Extracted records:
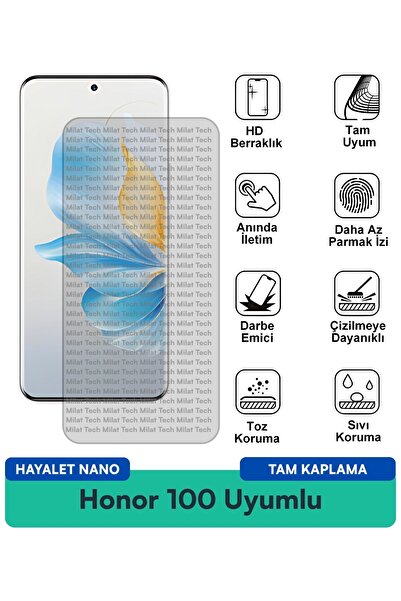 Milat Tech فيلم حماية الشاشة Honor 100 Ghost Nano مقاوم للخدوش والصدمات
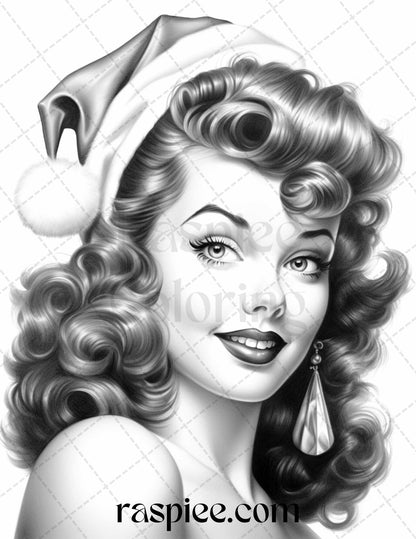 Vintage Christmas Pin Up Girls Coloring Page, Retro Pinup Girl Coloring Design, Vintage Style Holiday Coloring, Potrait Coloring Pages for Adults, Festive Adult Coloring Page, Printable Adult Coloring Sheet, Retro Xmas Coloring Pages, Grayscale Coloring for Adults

==

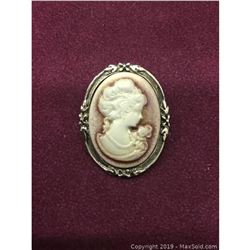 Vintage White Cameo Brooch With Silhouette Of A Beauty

...

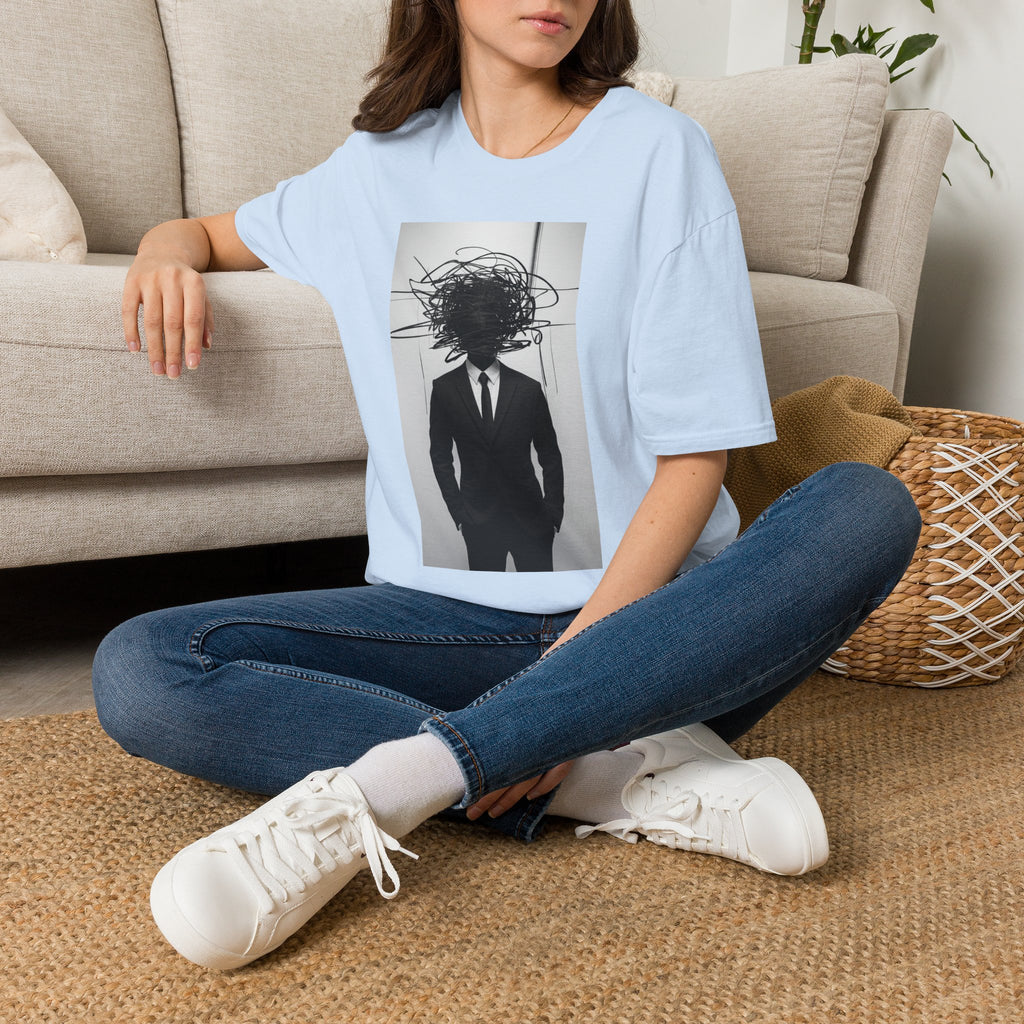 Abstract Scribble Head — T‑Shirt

Aim of the exercise: Everything between and including the line above containing "Milat Tech فيلم" and the line containing "Vintage Christmas Pin" should be reproduced exactly, with pictures excluded.

Task response:
 Milat Tech فيلم حماية الشاشة Honor 100 Ghost Nano مقاوم للخدوش والصدمات
 Vintage Christmas Pin Up Girls Coloring Page, Retro Pinup Girl Coloring Design, Vintage Style Holiday Coloring, Potrait Coloring Pages for Adults, Festive Adult Coloring Page, Printable Adult Coloring Sheet, Retro Xmas Coloring Pages, Grayscale Coloring for Adults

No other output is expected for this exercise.